Thursday, August 18, 2011

Spanking: My Raw Truth

Were you spanked as a kid? I know I was. Growing up in the south, I can not count the times I was told to go outside and pick a "Hickory" for my spanking. A "Hickory", in case you didnt know, it a long skinny branch that when struck across the back of your legs stings like fire and leaves the marks to prove it. And if you wiggled instead of just taking it, you would get welps across any part of your body the stick managed to make contact with.

"You better pick a good one! Because if you don't I'll get one for you and you will get twice as many licks!"

That was always the warning. But some how in the back of my mind, I thought I could evade this inevitable punishment. Maybe if I took too long in the yard they would forget my wrong and let it go. Maybe if I picked one that wasn't so pliable it wouldn't hurt as bad or better yet it would break on the first hit and I would get away with just one "lick." Maybe I could run away and avoid punishment all together. 

That was just part of the dialect that went through my mind as I looked for the "hickory." Not once did I think to myself "I was wrong for what I did."  Instead I was thinking of ways to do it next time so I didn't get caught. How to lie when confronted. How much I hated my grandparents for hurting me. Spanking was not teaching me anything.. I never learned to respect my elders or do better next time but with every strike of the hickory I felt hated, unloved and worst of all, betrayed.

When I was pregnant with my daughter I swore I would never spank her. No one else would do so either. I can remember the arguments with my parents, in-laws and even my husband. From my parents and in-laws, as well as most of the older generational crowd, I heard how that was spoiling her and she wouldn't  respect me. From my husband I heard how he was given time outs as a kid and all it did was give him more time to plot on his parents. He told me he was spanked and he is better for it. Anyone who knows the hellion my husband is can laugh at that statement now.

I would like to say I have been that parent. I would like to say that I stuck to my beliefs. But I did not. My son is almost 7 months old. The other day he was doing the same frustrating thing that my daughter did at about this same age when I "popped" her leg for the first time. You know when they get to that stage in having their diaper changed where they wiggle and scream, fighting you with all their energy to get loose because all they want to do is explore? And out of frustration I struck my child on the leg. The look of fear and shock on her face, then the following cry of pain. It killed me. And you would think that should have been the last time. But it wasn't. Every time I was at my wits end and I did not know how else to get my child to behave or listen, I resorted to spanking her.
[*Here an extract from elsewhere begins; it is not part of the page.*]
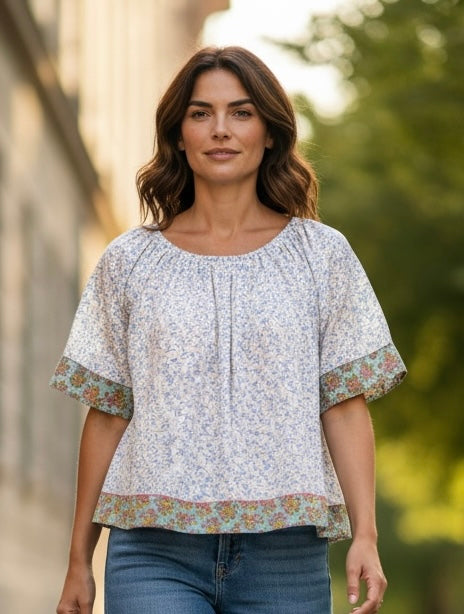 Upcycled Butterfly Print Shirt – Gathered Neckline & Coordinating Trim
And every time I hated myself. I was throwing adult tempter tantrums and at the expense of my daughters emotional well being.

Its no excuse but I was doing what I knew. And it became habit. It was done to me and it was what I knew. How much easier is it to reach out and strike your child than to take the time to actually parent them. How much easier is it to "pop" them rather than getting to the source of their behavior and talking them through it. I treated her as though she did not have the intelligence of a dog. As though she could not possibly be talked to like the little person she was. I treated her as though the only way to deal with her behaviors was by physical reactions on my part. While I hated myself every time I did it, I slowly began to repress those thoughts and feelings so that I could rationalize with myself that I was spanked and I turned out ok because of it. But the truth of the matter is Im not ok. I've never forgotten and still hold the pain and resentment to this day. I hear all the time from people how spanking teaches children respect. I never once respected those who laid a hand on me in a violent manner. I FEARED them. And fear can be powerful but not in a positive way. Just how much love do you have for the things you fear?

What irony that the day after I had that frustrating epiphany with my son that articles and studies started popping up left and right. I had seen them all before but something about reading them after looking into my sons trusting eyes knowing what I had done to my daughter changed it for me this time. Divine fate? As I was writing this post another article popped up talking about why spanking is never ok (1) With each thing I've read I have seen the things they talk about in my daughter.

Time after time, science shows over whelming evidence that spanking lowers the IQ of children(2), causes anxiety and depression(3), violent behavior(4)... The list can go on and on. I see the anxiety my daughter already has. Ive seen her act out violently because I showed her that's the way to be. I see the fear, NOT RESPECT, that my child has when I spank her.

The truth of the matter is, I feel as though I love my children but have not shown my daughter that I love her. I have betrayed her trust in me. And led a bad example through violent actions towards her. When I see her spank her "babies" and even more recently "spank" her brother then I know it is my own fault as I have shown her this is the way to show your disapproval. I can not take back the actions of my past but I can and will be a better parent for her future. This is not to say I will not still make mistakes as a parent, but spanking will not be one of them.

It took the incident with my 7 month old the other day, when my gut reaction was to pop his leg for not doing what I wanted him to do for me to realize just how badly I had done my daughter. I looked at him, how small he is. How innocent. How in one violent reaction I had taken that innocence from my daughter

Be creative. Spanking is the easy way out but at what cost to your children.


(1)Why Spanking is never ok
(2)Spanking lowers IQ
(3) Spanking causes behavioral problems.